> **ACTIVITY**
Transcribe the listing below exactly, without pictures.

> **MATERIAL SHOWN**
....

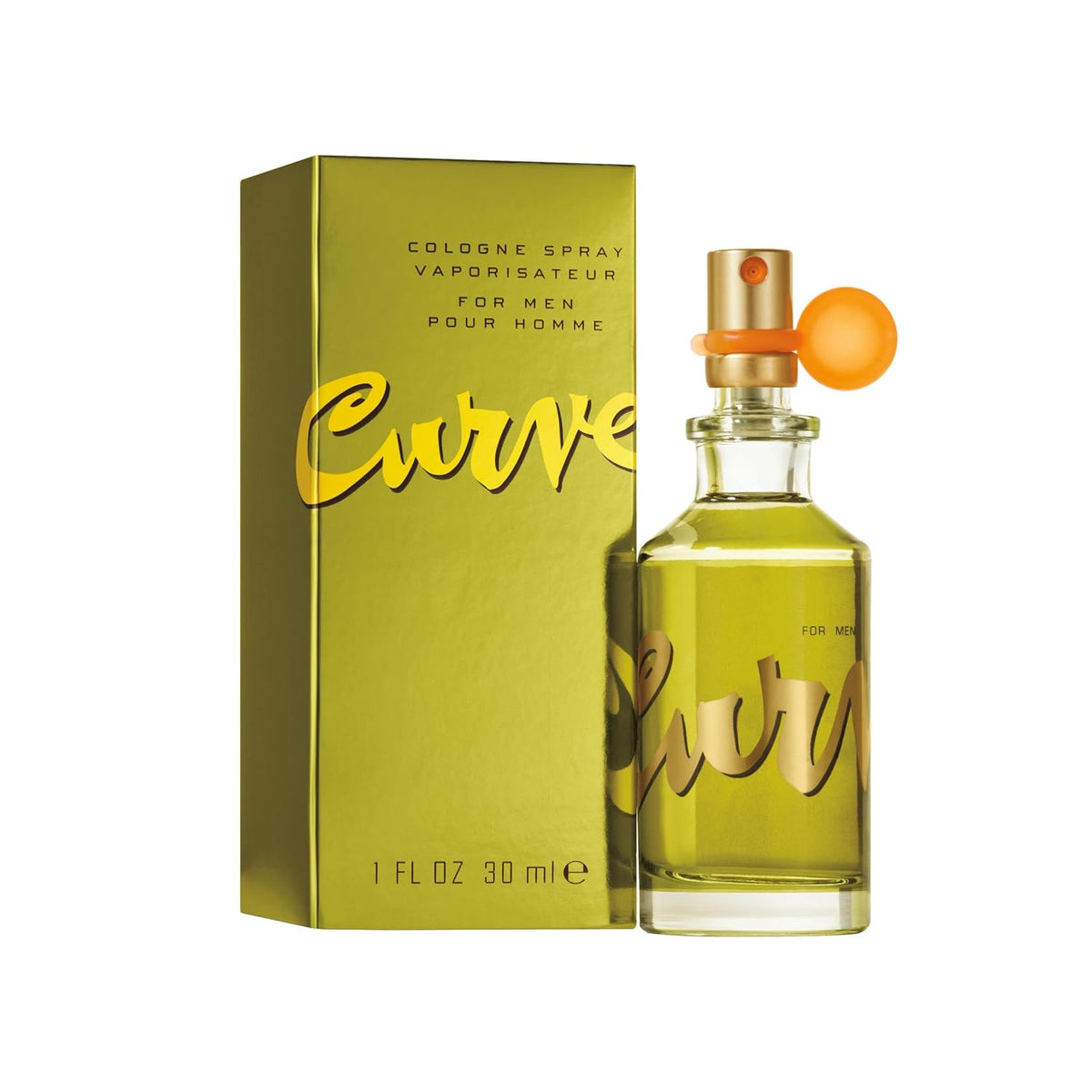 Curve for Men - Colonia en aerosol, aroma magnético de madera pican...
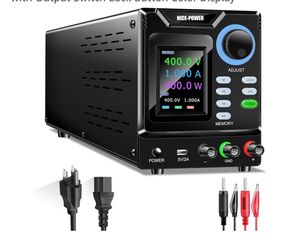 4.2 4.2 out of 5 stars (54) NICE-POWER DC Power Supply Variable, 0-400V 0-1A High Voltage Bench Power Supply with Memory Storage & Encoder Knob, Adjus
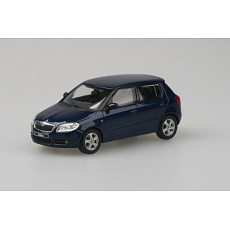 AbrexŠkoda Fabia II (2006) 1:43 - Modrá Storm Metalíza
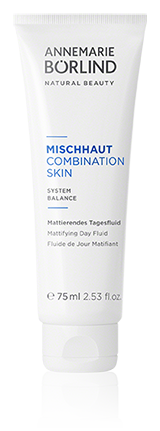 ANNEMARIE BÖRLIND Mattierendes Tagesfluid für Mischhaut, 75 ml Tube mit blauem Schriftzug
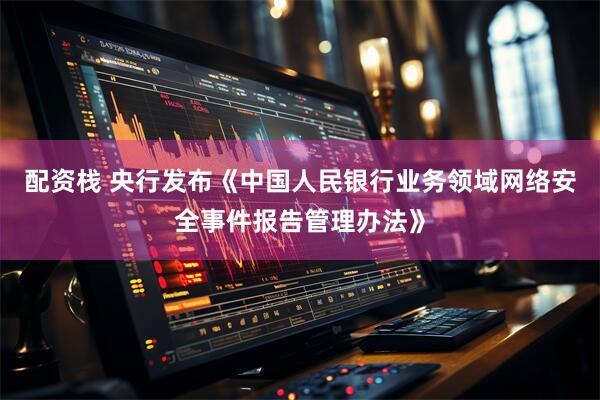 配资栈 央行发布《中国人民银行业务领域网络安全事件报告管理办法》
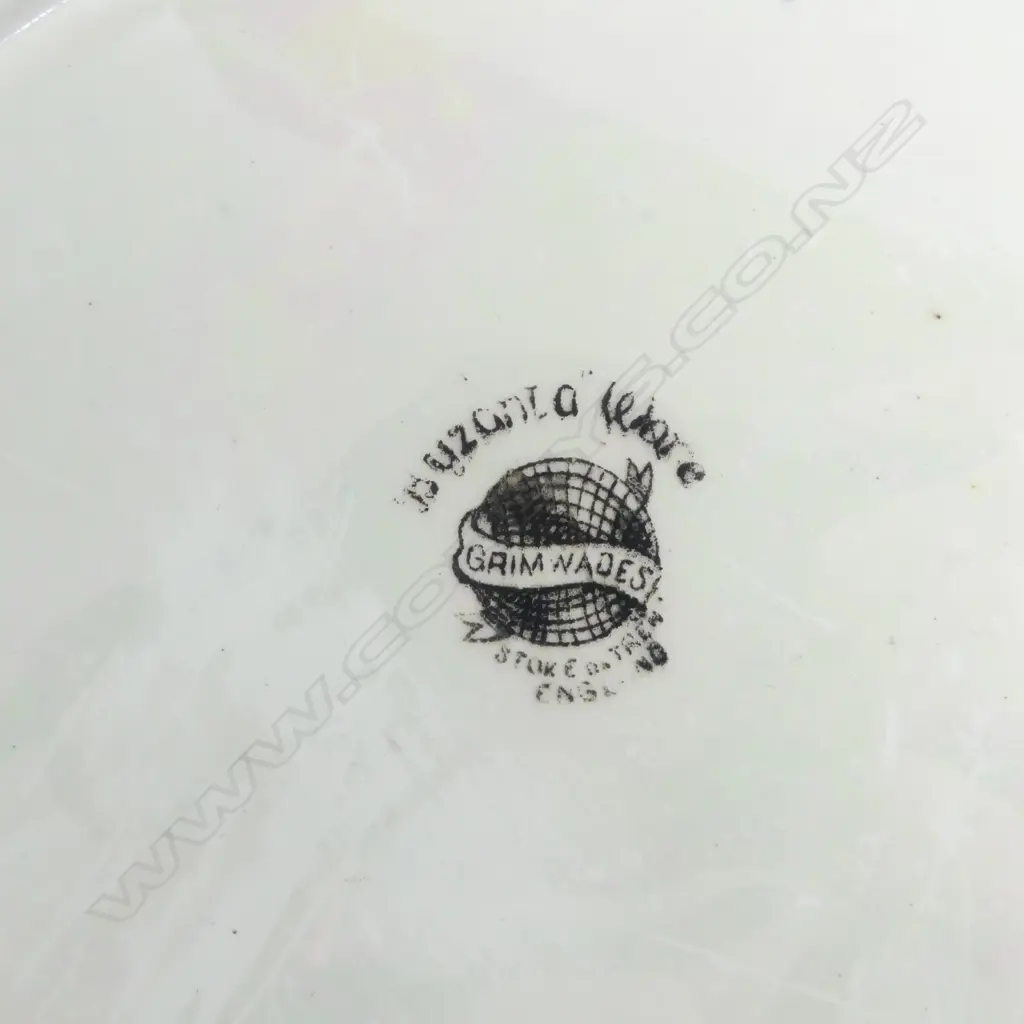 GRIMWADES BYZANTA WARE PLATE + CARLTONWARE DISH 'BLEU ROYAL' W.290mm Image 1++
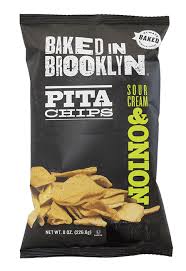 SNACK ONION SOUR CREAM PITA CHIPS BAKED 170G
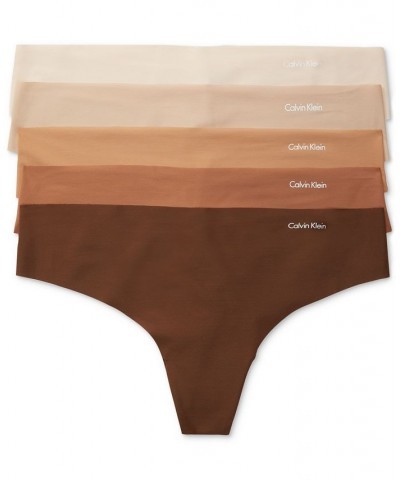 Invisible Thong 5-Pack QD3556 Beechwood/cedar/sandalwood/spruce/umber $27.73 Panty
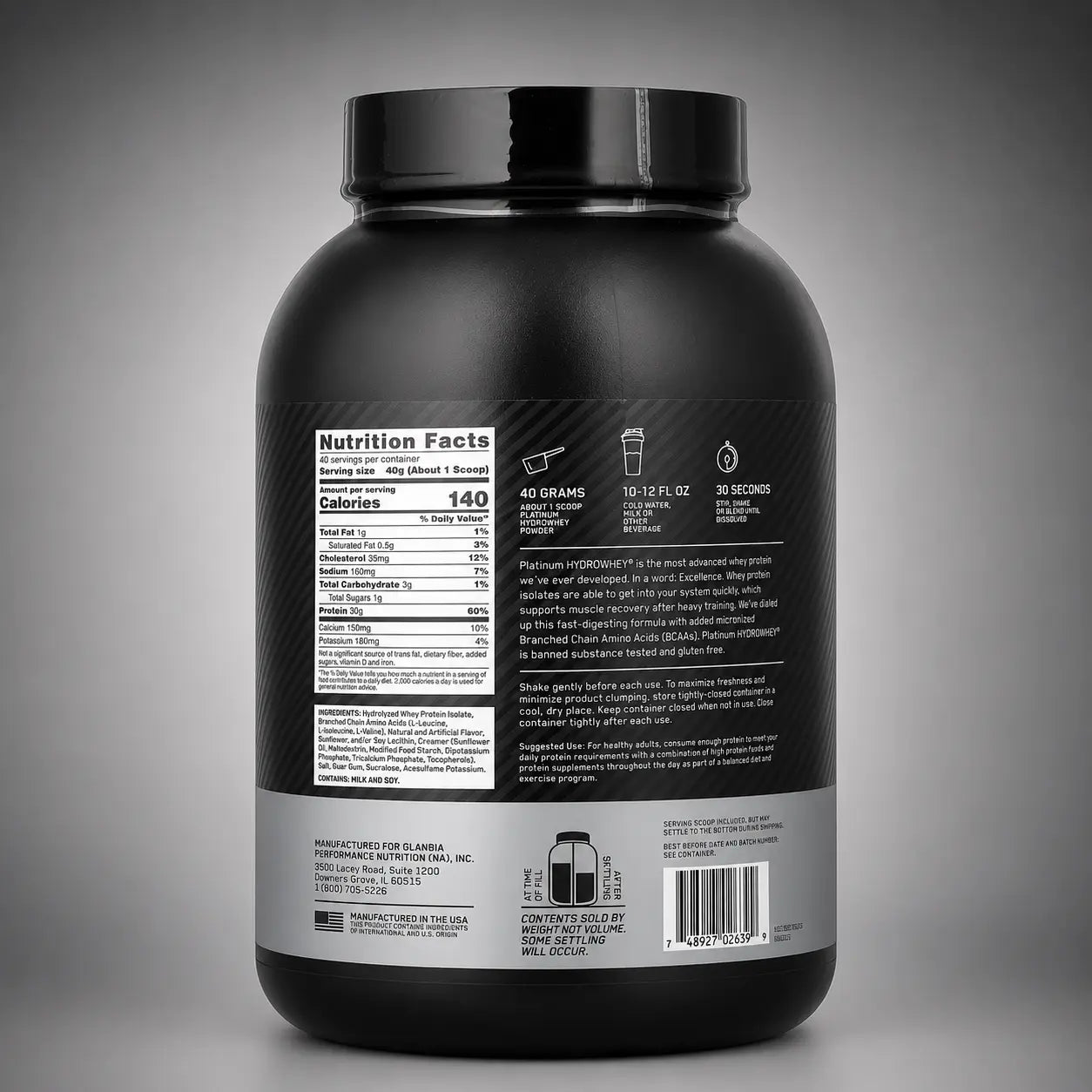 ON Gold Standard Hydro Whey® Velocity Vanilla 3.52 lb (1.6 kg)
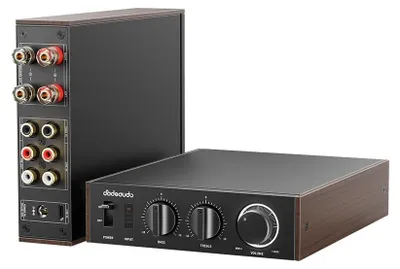 Imagen del producto de Amplificador de escritorio 2x300W, Bluetooth 6.0, Clase D, HiFi, color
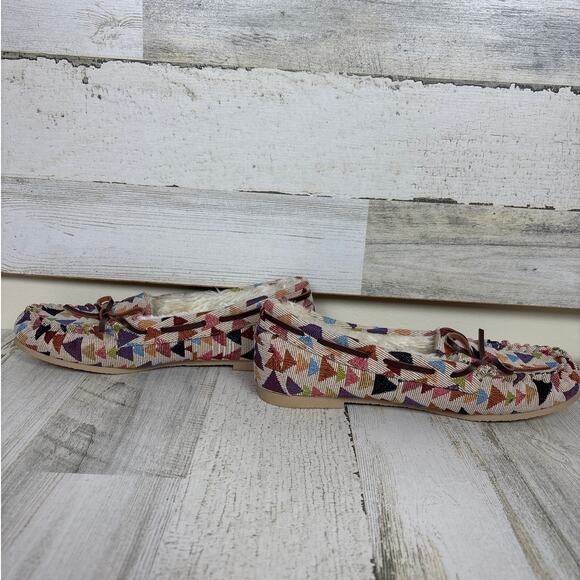 Indigo Rd. women 7.5 faux fur lined moccasin slip on shoe new aztec boho slipper - Picture 8 of 8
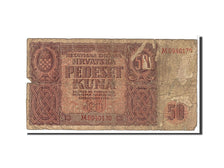 Croatia, 50 Kuna, 1941, KM #1a, VG(8-10), M0940130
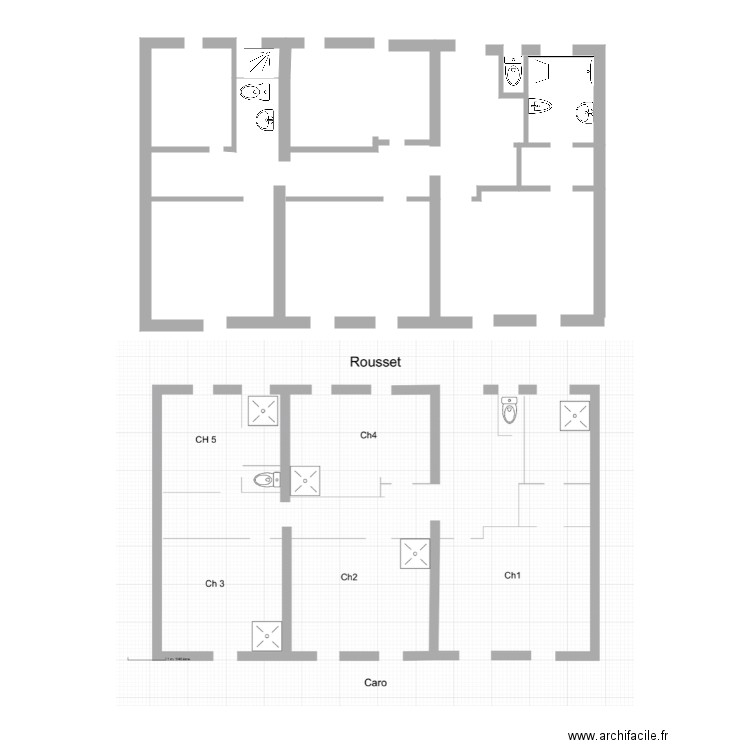 Rousset 5. Plan de 0 pièce et 0 m2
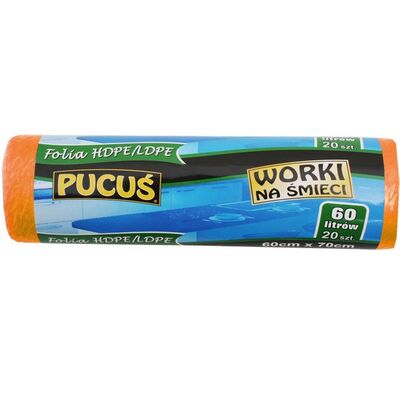 Worek na śmieci 60 l 20 sztuk
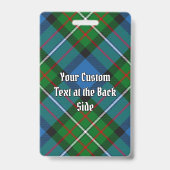 Badge Clan Ferguson Crest sur Tartan (Dos)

....

> **TASK RESULT**
 Curve for Men - Colonia en aerosol, aroma magnético de madera pican...
 4.2 4.2 out of 5 stars (54) NICE-POWER DC Power Supply Variable, 0-400V 0-1A High Voltage Bench Power Supply with Memory Storage & Encoder Knob, Adjus
 AbrexŠkoda Fabia II (2006) 1:43 - Modrá Storm Metalíza
 ANNEMARIE BÖRLIND Mattierendes Tagesfluid für Mischhaut, 75 ml Tube mit blauem Schriftzug
 配资栈 央行发布《中国人民银行业务领域网络安全事件报告管理办法》
 GRIMWADES BYZANTA WARE PLATE + CARLTONWARE DISH 'BLEU ROYAL' W.290mm Image 1++
 SNACK ONION SOUR CREAM PITA CHIPS BAKED 170G
 Invisible Thong 5-Pack QD3556 Beechwood/cedar/sandalwood/spruce/umber $27.73 Panty
 ON Gold Standard Hydro Whey® Velocity Vanilla 3.52 lb (1.6 kg)
 Imagen del producto de Amplificador de escritorio 2x300W, Bluetooth 6.0, Clase D, HiFi, color
 Indigo Rd. women 7.5 faux fur lined moccasin slip on shoe new aztec boho slipper - Picture 8 of 8
 Croatia, 50 Kuna, 1941, KM #1a, VG(8-10), M0940130
 Rousset 5. Plan de 0 pièce et 0 m2
 Worek na śmieci 60 l 20 sztuk
 Badge Clan Ferguson Crest sur Tartan (Dos)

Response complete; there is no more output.